The Evangelical Universalist Forum

A Calvinist reaches out to other Calvs on grief about hell

Super sad anonymous letter posted by a fellow apologist and Calv associate of mine (whose ministry I’ve supported in other regards over the past year), at his weblog, looking for replies to “John Doe” in the comments.

reclaimingthemind.org/blog/2 … e-in-hell/

I realize this is going to set off the sympathies of some members in ways which are going to be ultra-hostile to Calvinism (and to some Calvinists). Especially when those members read some of the replies. :angry:

Under the circumstances, I’m willing to let that slide for this thread, although I’d prefer people keep their temper. (And other admins may be less willing to let anti-Calv hostility slide, so be careful.)

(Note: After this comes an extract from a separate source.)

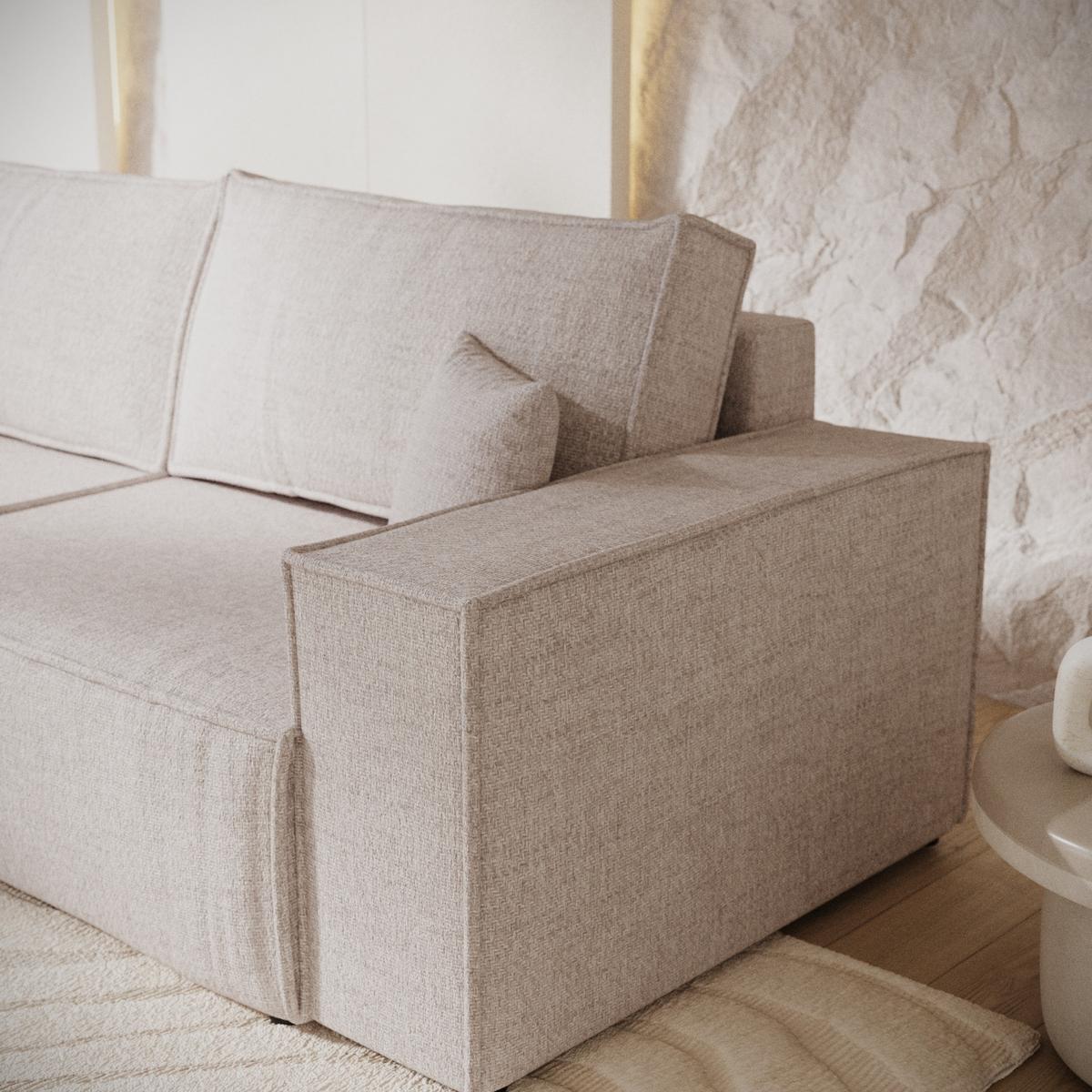 SOFA RESSO mit Schlaffunktion Hellbeige im Neve Stoff - Sandfarben/Schwarz, Holz/Holzwerkstoff (255/70/105cm) - AltaBeds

I’ve been trying to build up a good relationship with CMP and some of the other regular Calvinistic contributors to the comments, and they aren’t going to be impressed by raving opponents; but at the same time, I realize this is precisely the sort of thing worth raving about if anything is. I’ve had to forcibly restrain myself from shotgunning the more heartless commenters in that thread myself.

I know several members frequent Credo House / Reclaimingthemind, and the main reasons I’m making a thread about that post here are to point members to pastoral care for the JD, while also providing a place they can let off steam safely.

Please, if members comment there, stick to CMP’s requested format, and don’t go after fellow commenters. Just reply to “John Doe”. If you have to vent, vent here. (I realize other commenters have started disputing among themselves in that thread already, but you don’t have to violate CMP’s request along with them. :wink: )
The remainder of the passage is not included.